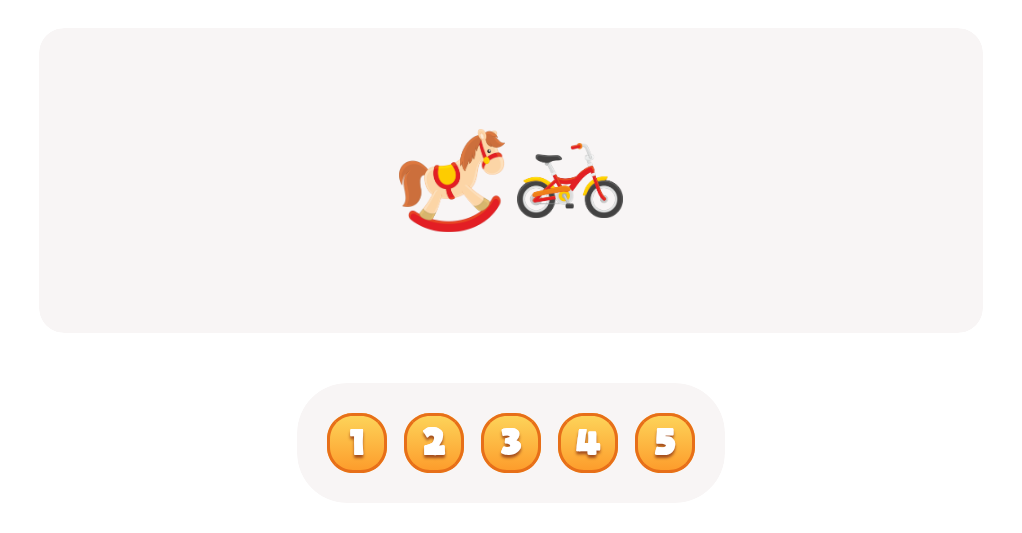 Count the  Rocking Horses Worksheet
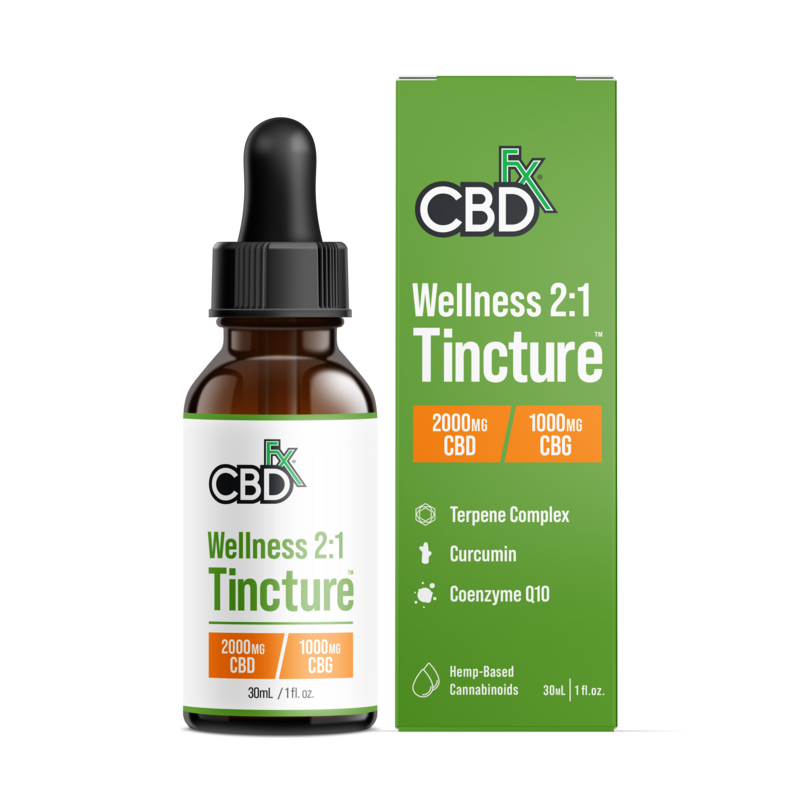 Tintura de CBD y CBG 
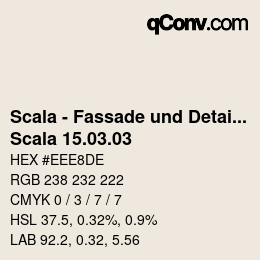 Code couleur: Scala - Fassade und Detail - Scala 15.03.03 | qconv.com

==

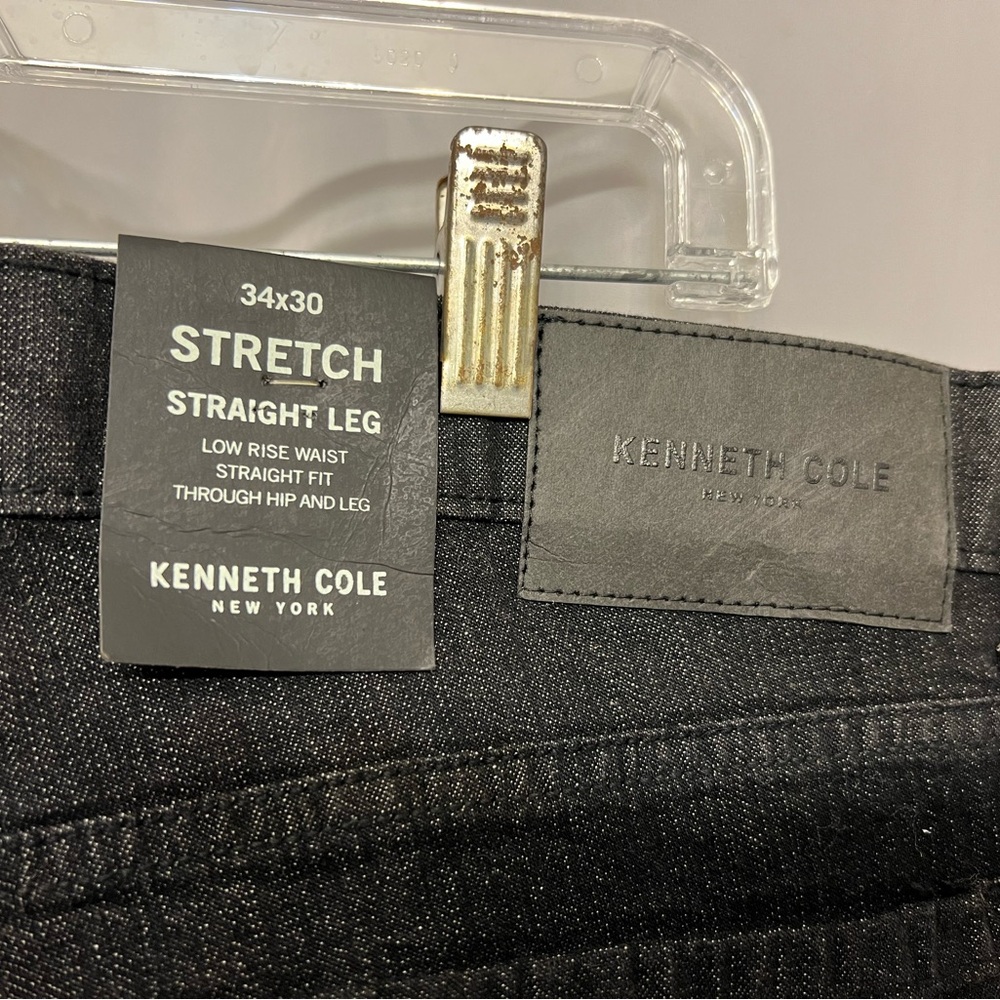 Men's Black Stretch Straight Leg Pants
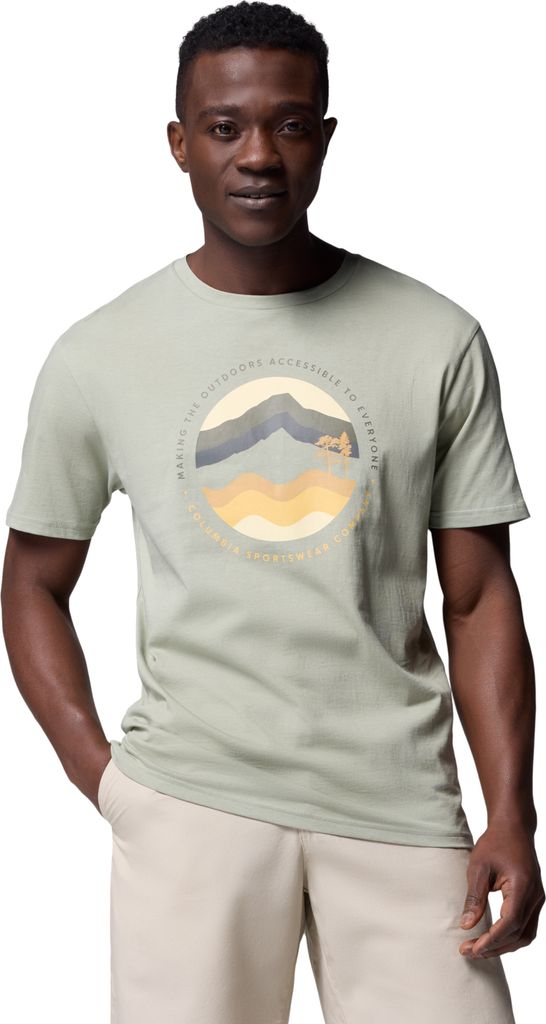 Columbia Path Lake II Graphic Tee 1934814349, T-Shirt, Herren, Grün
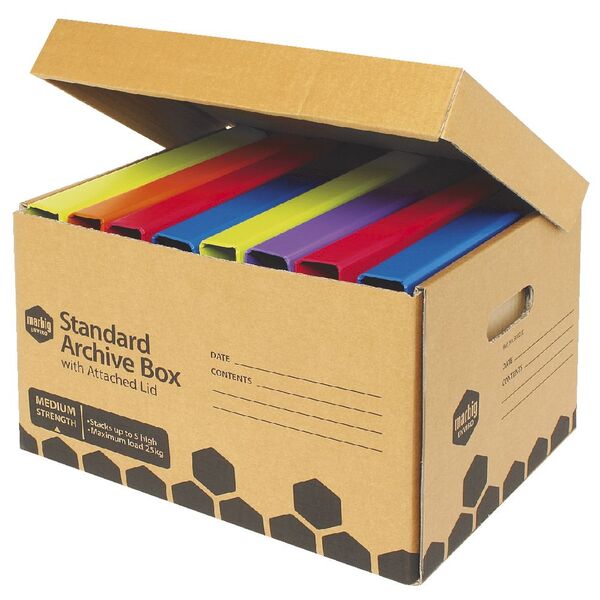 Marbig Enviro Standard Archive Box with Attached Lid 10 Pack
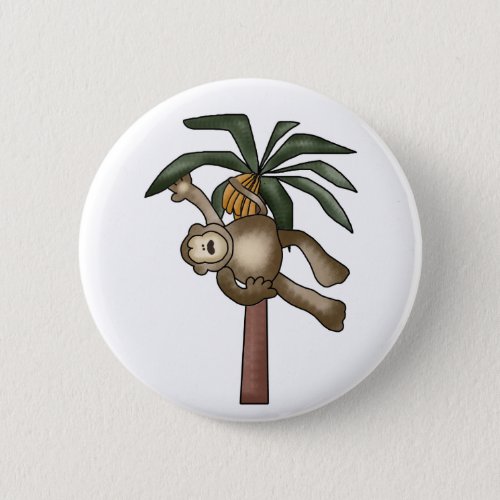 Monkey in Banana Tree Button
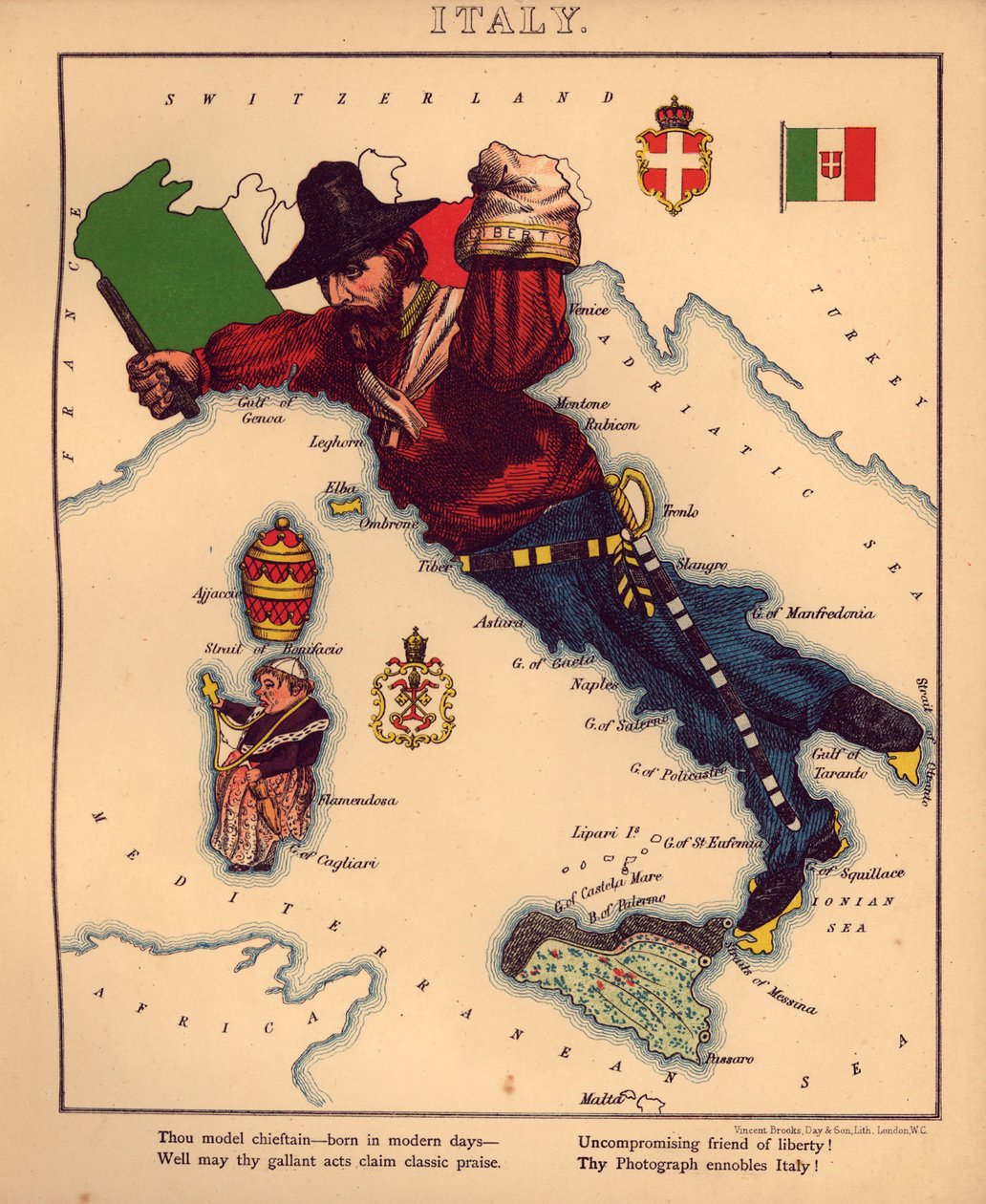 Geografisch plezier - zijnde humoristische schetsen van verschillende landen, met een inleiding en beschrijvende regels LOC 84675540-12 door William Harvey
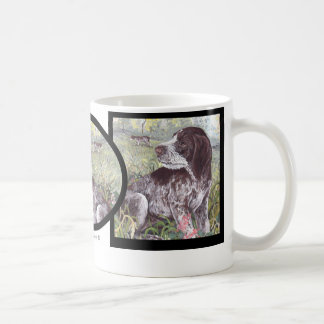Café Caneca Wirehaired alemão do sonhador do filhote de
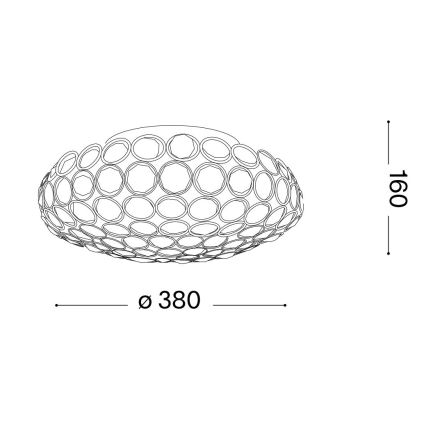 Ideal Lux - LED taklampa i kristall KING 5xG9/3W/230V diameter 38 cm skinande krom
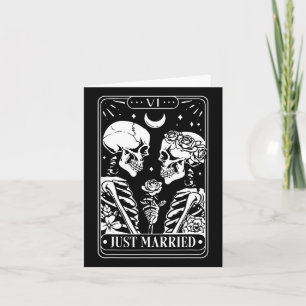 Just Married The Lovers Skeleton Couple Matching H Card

TASK GOAL: Now transcribe the lines above exactly, starting at the line containing "Men's Black Stretch Straight Leg Pants" and ending at the line containing "Ideal Lux - LED", both lines included, pictures excluded.

ANSWER SECTION:
 Men's Black Stretch Straight Leg Pants
 Columbia Path Lake II Graphic Tee 1934814349, T-Shirt, Herren, Grün
 Marbig Enviro Standard Archive Box with Attached Lid 10 Pack
 Monkey in Banana Tree Button
 Geografisch plezier - zijnde humoristische schetsen van verschillende landen, met een inleiding en beschrijvende regels LOC 84675540-12 door William Harvey
Café Caneca Wirehaired alemão do sonhador do filhote de
 Ideal Lux - LED taklampa i kristall KING 5xG9/3W/230V diameter 38 cm skinande krom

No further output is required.